* YOUR TASK
Make an exact transcript of the lines in the data below, starting with the one containing "Mugshot of Maria" and going on through the one containing "Feathers - Turkey: Pastel (Pack of 250)", with both included and the pictures left out.

* INPUT RECORDS

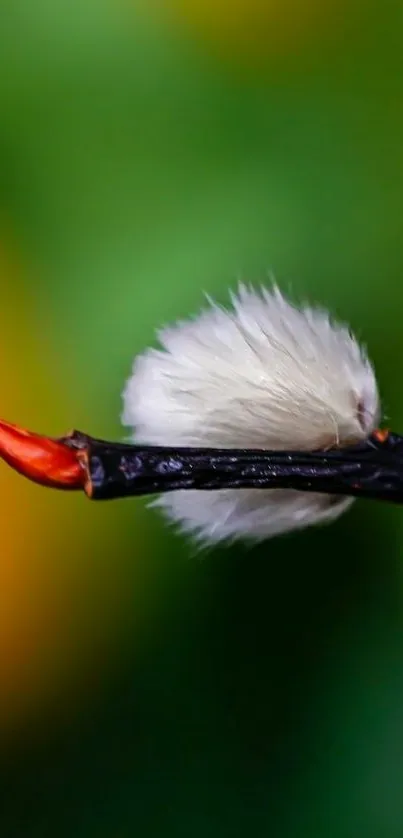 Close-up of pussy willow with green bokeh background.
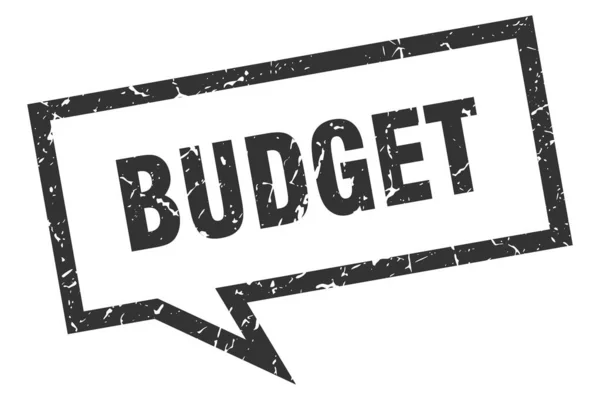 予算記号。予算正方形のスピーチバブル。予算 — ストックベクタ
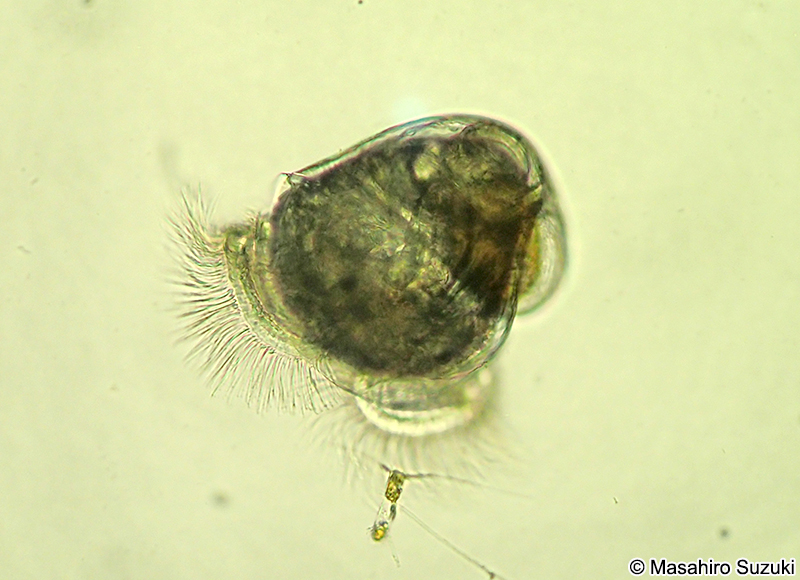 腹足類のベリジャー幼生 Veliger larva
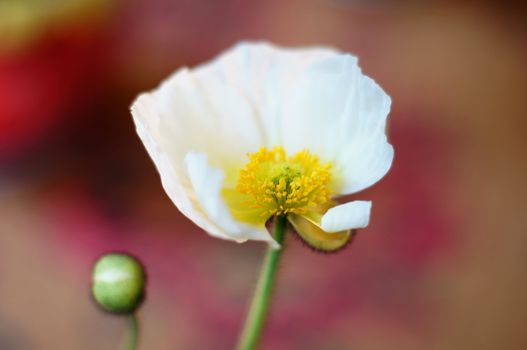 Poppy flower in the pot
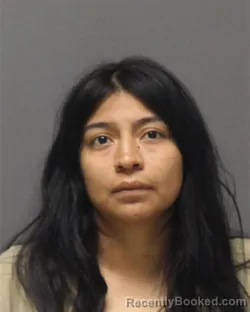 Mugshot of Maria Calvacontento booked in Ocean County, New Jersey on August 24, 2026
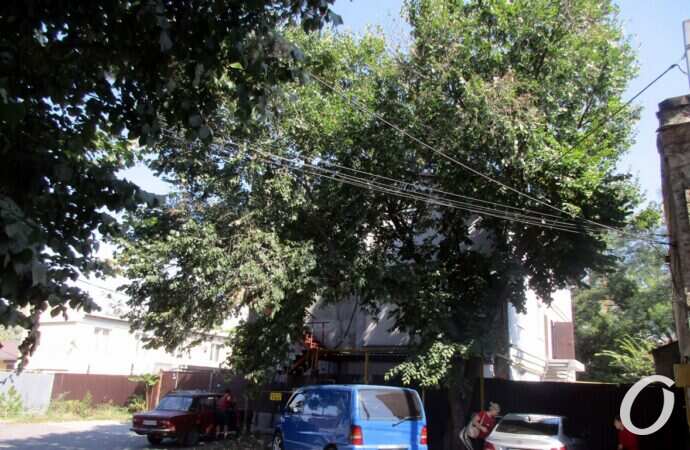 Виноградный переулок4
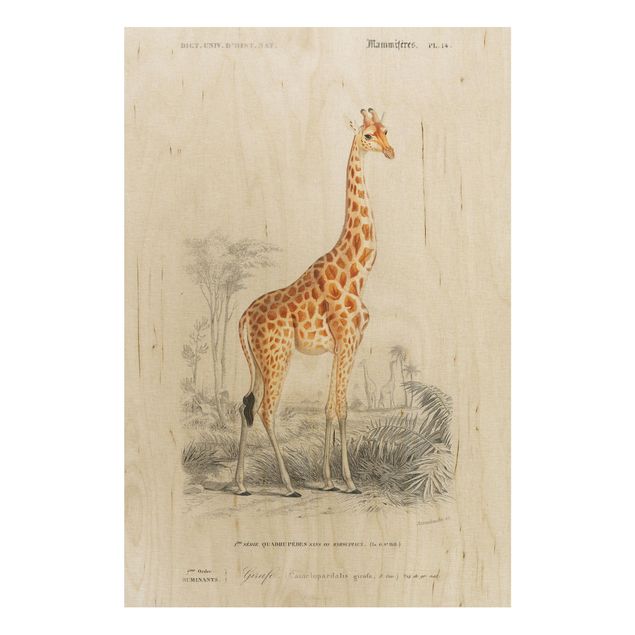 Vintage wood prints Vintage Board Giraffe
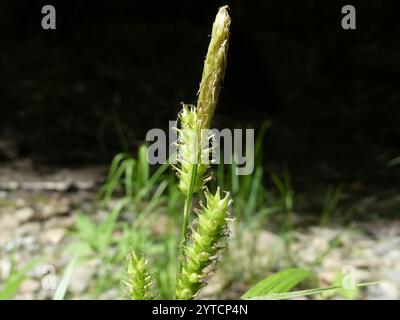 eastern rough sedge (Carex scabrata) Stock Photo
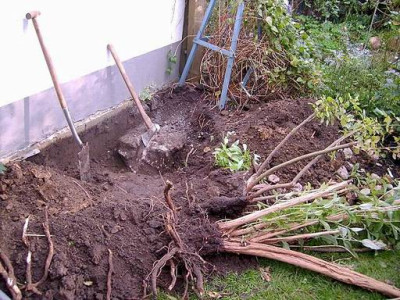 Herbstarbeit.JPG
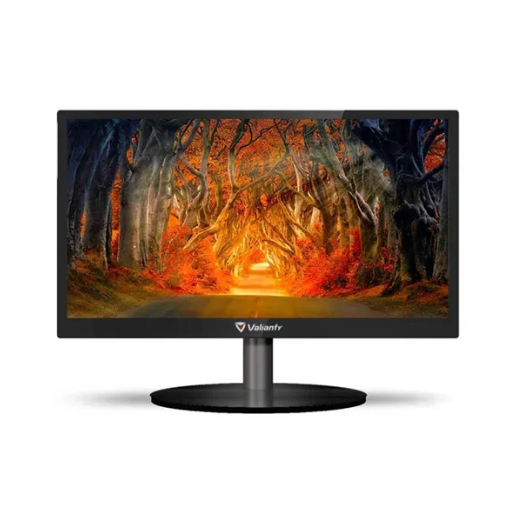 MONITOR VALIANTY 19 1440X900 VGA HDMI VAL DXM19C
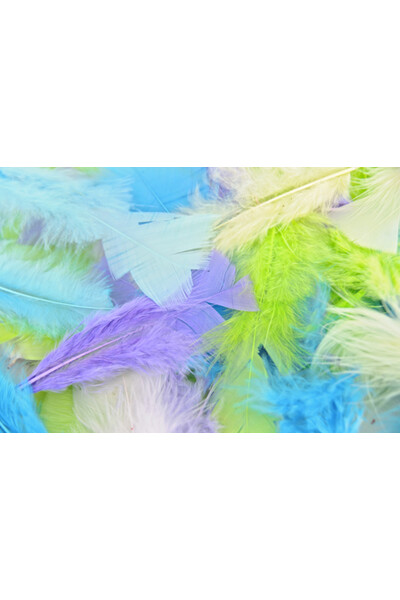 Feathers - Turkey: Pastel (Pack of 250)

==

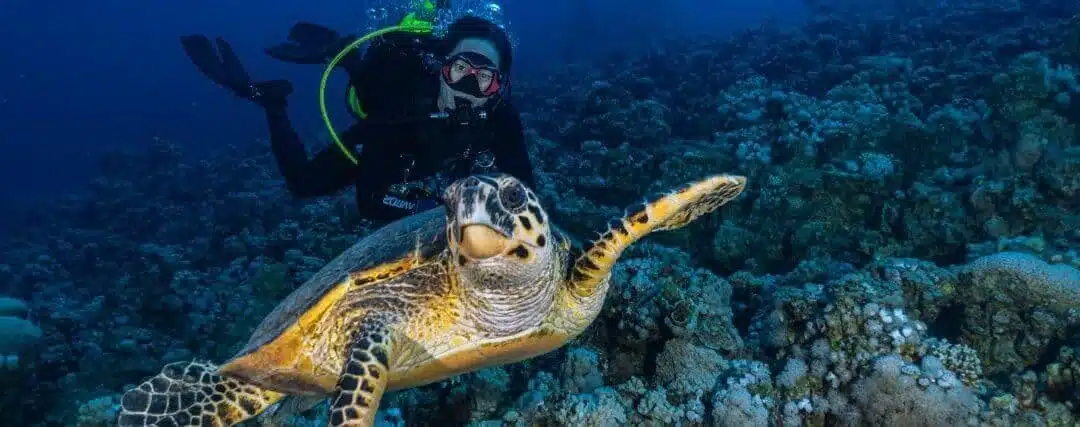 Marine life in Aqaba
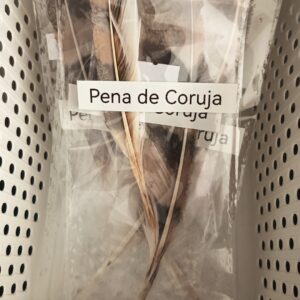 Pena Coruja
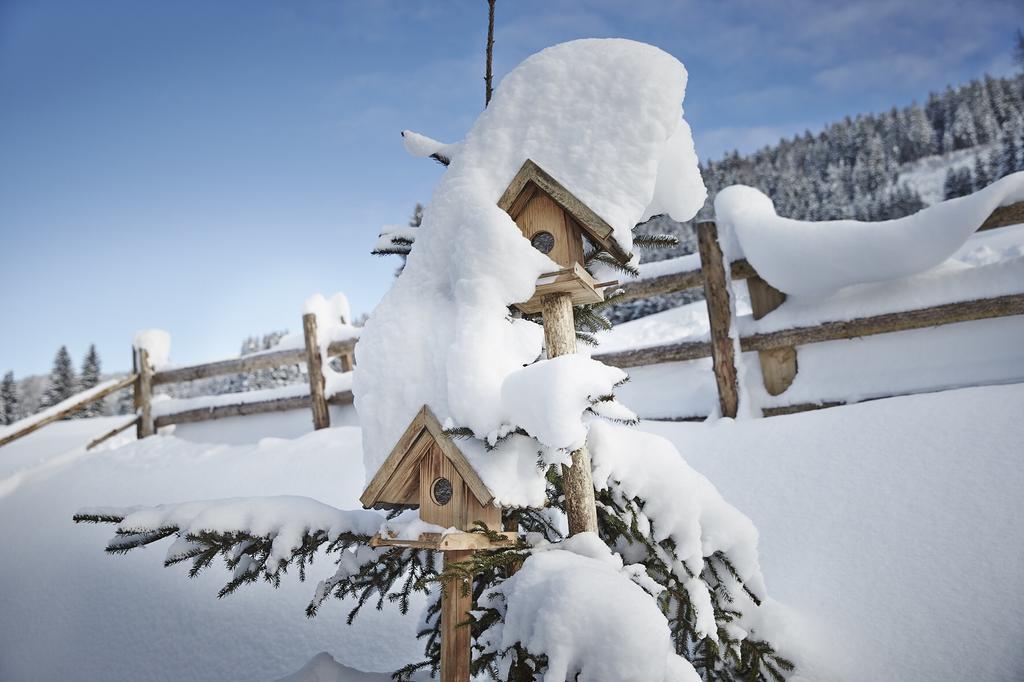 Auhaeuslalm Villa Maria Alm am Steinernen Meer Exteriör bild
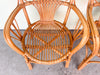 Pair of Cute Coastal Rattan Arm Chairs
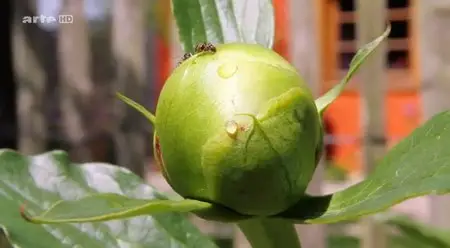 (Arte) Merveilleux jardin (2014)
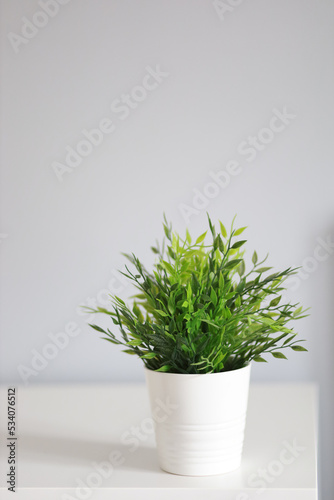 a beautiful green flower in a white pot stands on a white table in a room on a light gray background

==

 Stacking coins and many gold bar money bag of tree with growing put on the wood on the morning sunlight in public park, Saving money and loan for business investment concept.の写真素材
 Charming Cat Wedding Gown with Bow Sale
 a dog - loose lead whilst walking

* TASK ANSWER
 Mugshot of Maria Calvacontento booked in Ocean County, New Jersey on August 24, 2026
 Виноградный переулок4
 Vintage wood prints Vintage Board Giraffe
 eastern rough sedge (Carex scabrata) Stock Photo
 Herbstarbeit.JPG
 MONITOR VALIANTY 19 1440X900 VGA HDMI VAL DXM19C
 Feathers - Turkey: Pastel (Pack of 250)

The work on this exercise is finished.